This grid has a lot of symmetry, and one thing learned in the last step is that a vertical ship from the square clue forces two submarines in the first row. Well, the same situation in the third column presents itself. A vertical ship there would force two more submarines in the bottom row and a third somewhere in the first column. But you can’t have six submarines in the grid.

Running out of submarines forces you to place the ship in horizontally. (Some other options exist to deduce this too, but this is how I constructed the puzzle to have something learned earlier in the solve come up again). Now, as the horizontal ship places many more segments into unmarked rows, this is a good time to revert to “add to 20” mode. You’ll find 7 segments are now in the unmarked rows, so all ships in those unmarked rows are now accounted for. The horizontal ship you just placed is a 3-unit cruiser.
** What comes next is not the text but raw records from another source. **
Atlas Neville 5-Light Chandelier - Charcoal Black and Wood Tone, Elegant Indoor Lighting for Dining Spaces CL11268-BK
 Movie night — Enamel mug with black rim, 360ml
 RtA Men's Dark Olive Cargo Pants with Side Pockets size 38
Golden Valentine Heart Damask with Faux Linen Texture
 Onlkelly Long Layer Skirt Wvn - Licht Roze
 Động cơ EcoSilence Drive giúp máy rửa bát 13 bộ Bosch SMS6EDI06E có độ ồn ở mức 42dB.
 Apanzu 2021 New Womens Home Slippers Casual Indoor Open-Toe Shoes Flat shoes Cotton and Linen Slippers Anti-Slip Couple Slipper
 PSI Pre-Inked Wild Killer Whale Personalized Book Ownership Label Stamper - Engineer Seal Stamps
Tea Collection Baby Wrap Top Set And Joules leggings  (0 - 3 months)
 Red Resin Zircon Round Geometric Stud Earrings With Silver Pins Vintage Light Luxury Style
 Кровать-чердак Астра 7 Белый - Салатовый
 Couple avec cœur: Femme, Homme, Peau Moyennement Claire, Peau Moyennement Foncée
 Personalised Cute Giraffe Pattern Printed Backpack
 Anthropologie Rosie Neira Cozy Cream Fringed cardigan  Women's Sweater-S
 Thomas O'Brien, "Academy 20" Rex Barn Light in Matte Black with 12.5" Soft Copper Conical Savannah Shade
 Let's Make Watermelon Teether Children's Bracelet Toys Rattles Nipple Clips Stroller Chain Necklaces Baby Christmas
And the rest is much easier from there. I could have made the puzzle much harder by leaving out or adjusting some of the row clues.

Writing Battleships is an odd experience for me too. All my rules and info pages start with the line “A Grandmaster XXXXXXX will have a unique solution that can be reached by logic alone.” Battleships is the one style where I know my solvers may not approach the puzzles with a logical solution in mind at all, even telling them this fact up front. For many, Battleships has become a brute-force branch-killing heuristic that begins with the 4-unit battleship and nothing else is allowed! I was surprised when my most experienced Battleships tester, for both Monday and Wednesday, reported going to guessing or being unable to prove uniqueness from his solving path. One solver here posted on Friday a very quick result that included guessing the location of one ship and then stated I had failed to correctly time the Friday puzzle despite six testers, none faster than 3:50 and most closer to 10 minutes. I know I can write interesting Battleships. But I’m not sure I can make my audience solve them as intended. And when someone gets lucky, that does not make the puzzle easy. That makes them lucky.

  • Para says:

    I did the second step differently. The 4 ship can only go vertical as the clues don’t allow for a horizontal ship (the unclued rows already have 5 ship elements, thus you can’t add 3 more). The unclued columns thus have at least two vertical size 2 ships, one size 4 ship and a fourth undirected ship, which adds to 9 segments. This means the last undirected unship needs to be horizontal, as being vertical would add at least 2 extra ship segments to the unclued columns, which would make them have 11 segments.

  • skynet says:

    Lovely walkthrough motris!
    And while solving this particular puzzle for the first 2-3 hours i was certainly trying the brute-force branch-killing heuristic that begins with the 4-unit battleship and nothing else is allowed!
    Was placing the 4 dimension battleship all over the place and trying to see if the cruisers could be adjusted somewhere near in the grid.Then after understanding the logic completed it quickly!
    This proves that logic always wins over guessing!

  • Tricia says:

    I DID solve the puzzles using logic and proving a unique solution, if that makes you feel any better! I used the same logic as Para for the Friday puzzle.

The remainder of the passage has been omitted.